When I had my twin boys, I knew life would be busy. However, nothing had prepared me for the unique challenges that lay ahead. Shortly after their birth, both, Brandon and Dakota, were diagnosed with disabilities, both with cerebral palsy, one with a sensory processing disorder, the other with hydrocephalus and seizure disorder. Once they entered school, my days became a whirlwind of medical appointments, therapy sessions, IEP meetings, and the everyday tasks of parenting. On top of all that, I was looking for my niche. I was determined not to lose sight of my dreams and aspirations.
I often felt like I was living two lives. In the professional one, deadlines, meetings, and expectations never seemed to pause. In the caregiver one, my boys depended on me for everything from feeding to learning to communicate. “Some days, it feels like there’s not enough of me to go around,” I confided in a friend.
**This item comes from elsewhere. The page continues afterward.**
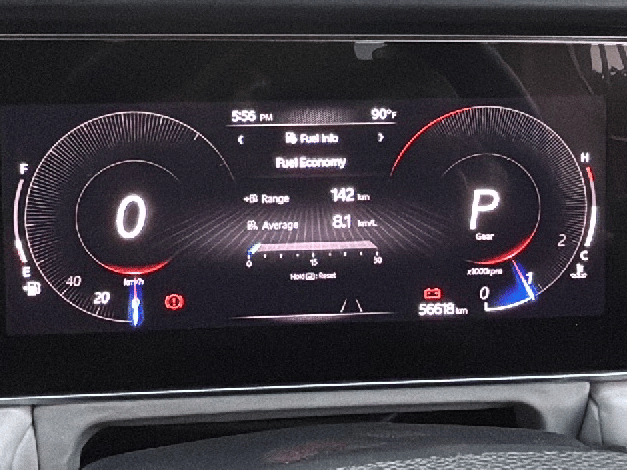 2022 Mahindra XUV700 AX 7 P AT 7 STR, Petrol, Automatic, 56,618 km, Odometer Image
The exhaustion was real—physically, mentally, and emotionally.
There were times I’d be on a work call, frantically jotting down notes while one son needed help with a leg brace and the other was overwhelmed by the sound of the vacuum. I worried constantly that I was failing both at work and at home. I remember reading, “You can do anything, but not everything,” and it struck a chord. It was okay to ask for help and to let go of the illusion of perfection.
Regaining Work-Life Balance
Through trial and error, I found some ways to reclaim a sense of balance and even carve out precious moments of free time:
- Set Boundaries: I learned to set clear work hours and communicate these to my boss and colleagues. The world didn’t end when I turned off my email at 5:00 PM.
- Ask for Help: I reached out to family, friends, and support groups. Sometimes, accepting help is the bravest thing you can do. As one friend told me, “It’s not about being strong all the time; it’s about knowing when to lean on others, when your strength is waning.”
- Embrace Flexibility: Remote work and flexible hours became my saving grace. If my boys needed me during the day, I’d shift important tasks to quieter moments, often after their bedtime.
- Self-Care is Non-Negotiable: I started blocking out 15 minutes for myself each day. Whether it was reading, stretching, or just sitting with a cup of tea, those short breaks helped me recharge.
- Find Joy in Small Moments: I learned that free time doesn’t have to be big or grand. Watching a favorite show with my family, baking cookies together, or a quick walk outside can be just as meaningful as a weekend getaway.
Enjoying Free Time
It took time to let go of guilt and allow myself to enjoy life outside of responsibilities. “Caregiver burnout is real,” my therapist reminded me, “and so is caregiver joy.” Now, when I have a free afternoon, I try to be present. I meet a friend for coffee, dive into a new book, or simply sit in the sunlight and breathe. These moments restore me, reminding me that I am more than my roles.
Juggling work and caregiving for twins with disabilities is anything but easy. I’ve learned to celebrate small victories, lean on others, and most importantly, to honor my own needs. If you’re walking this path, remember: “You can’t pour from an empty cup.” Take care of yourself, enjoy those precious pockets of free time, and know that you’re doing an amazing job.